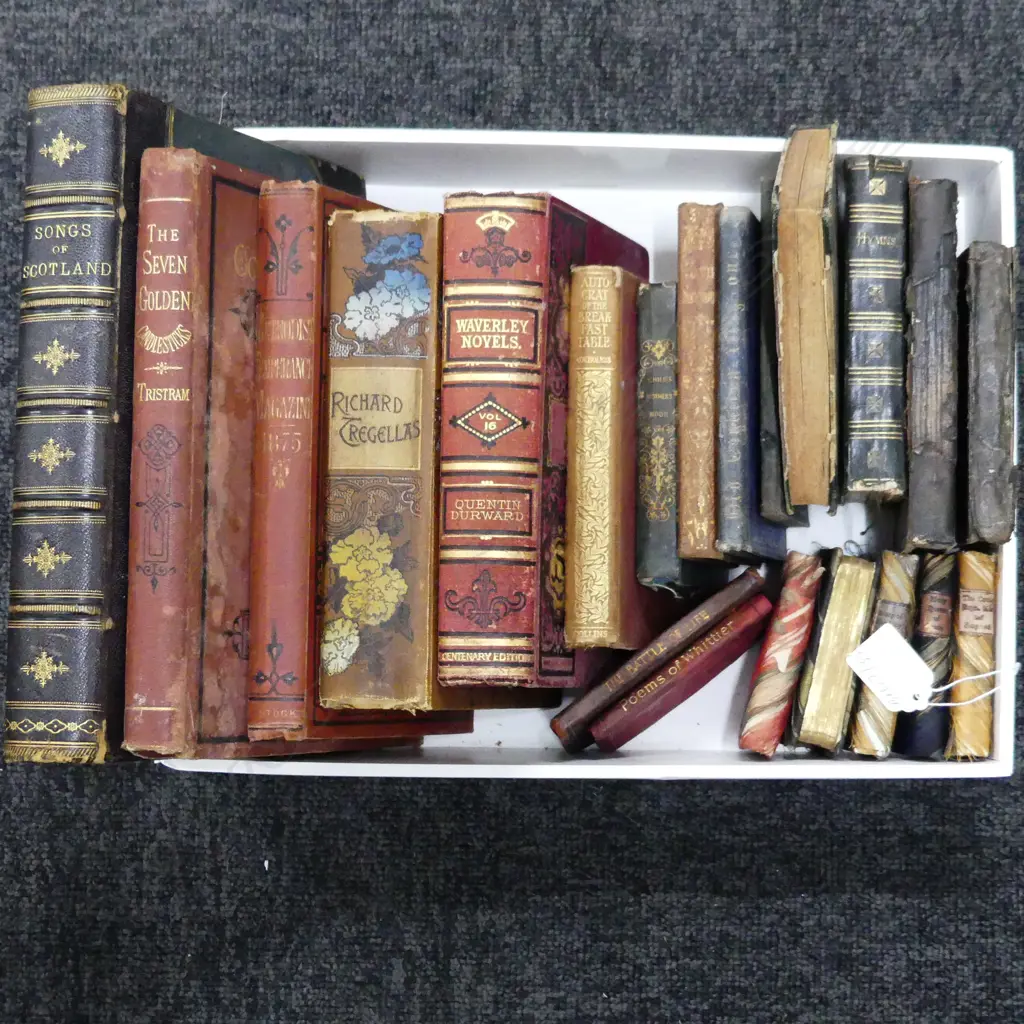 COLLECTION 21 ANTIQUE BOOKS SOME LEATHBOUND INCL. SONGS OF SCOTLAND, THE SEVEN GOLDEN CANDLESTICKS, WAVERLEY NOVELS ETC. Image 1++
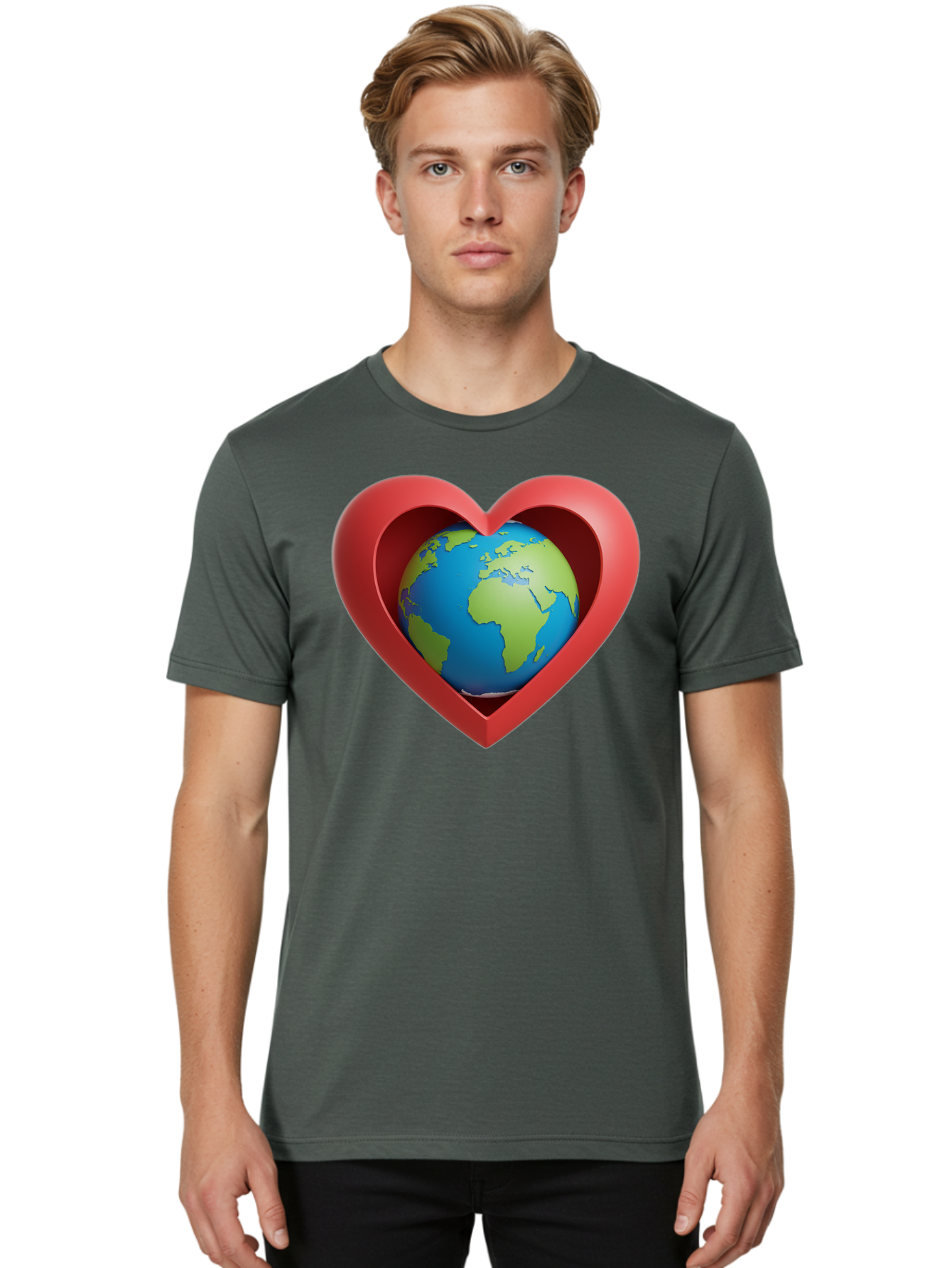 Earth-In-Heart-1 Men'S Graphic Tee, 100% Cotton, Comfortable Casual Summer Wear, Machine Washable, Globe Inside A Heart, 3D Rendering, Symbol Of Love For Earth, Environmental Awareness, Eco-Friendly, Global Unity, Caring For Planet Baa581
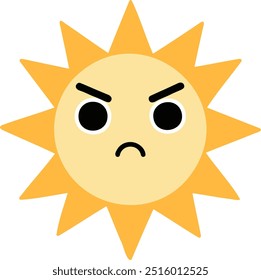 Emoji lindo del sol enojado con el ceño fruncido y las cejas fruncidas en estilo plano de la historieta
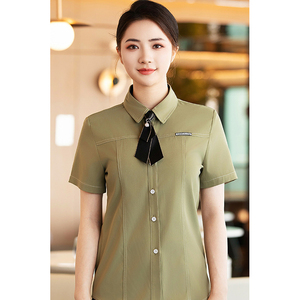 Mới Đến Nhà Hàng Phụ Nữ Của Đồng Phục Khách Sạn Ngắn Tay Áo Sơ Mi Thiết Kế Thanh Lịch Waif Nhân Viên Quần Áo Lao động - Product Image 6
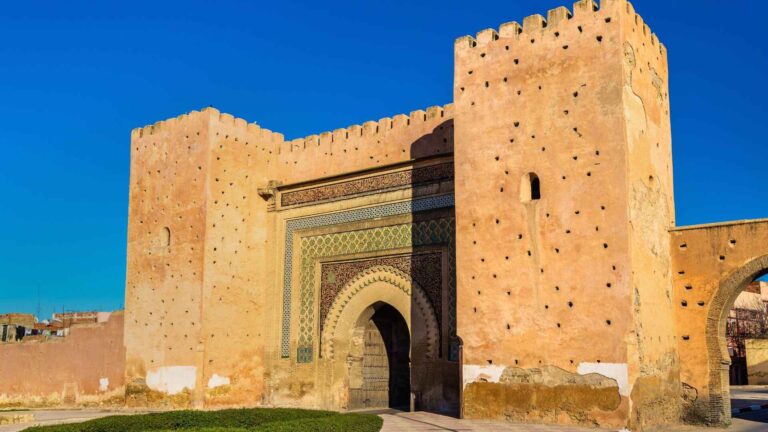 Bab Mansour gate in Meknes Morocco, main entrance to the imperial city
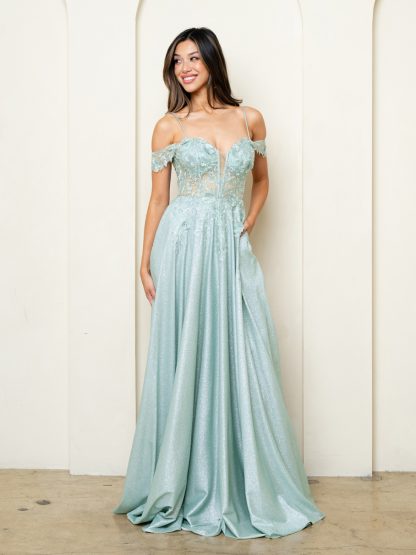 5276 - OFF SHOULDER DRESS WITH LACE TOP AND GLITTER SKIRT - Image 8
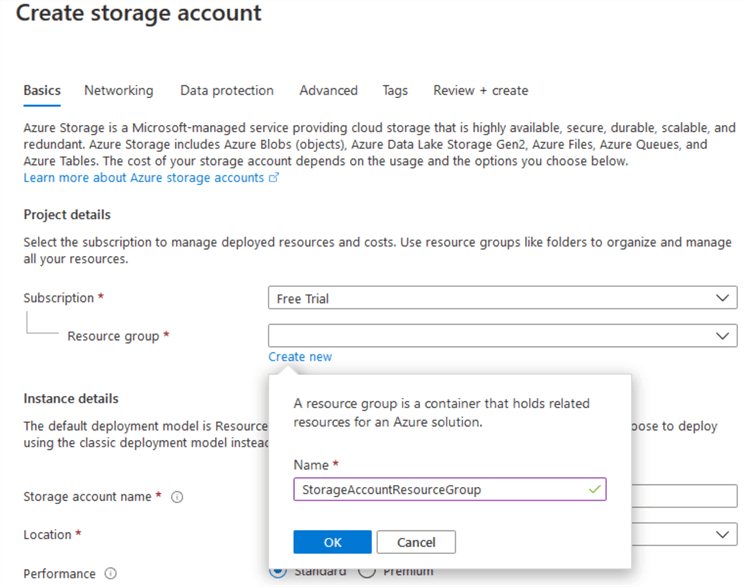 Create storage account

What you are asked to do: Please reproduce, word for word, every line from the first line of the records above through the line containing "Earth-In-Heart-1 Men'S Graphic", and leave out the pictures.

Reply to the exercise:
 COLLECTION 21 ANTIQUE BOOKS SOME LEATHBOUND INCL. SONGS OF SCOTLAND, THE SEVEN GOLDEN CANDLESTICKS, WAVERLEY NOVELS ETC. Image 1++
 Earth-In-Heart-1 Men'S Graphic Tee, 100% Cotton, Comfortable Casual Summer Wear, Machine Washable, Globe Inside A Heart, 3D Rendering, Symbol Of Love For Earth, Environmental Awareness, Eco-Friendly, Global Unity, Caring For Planet Baa581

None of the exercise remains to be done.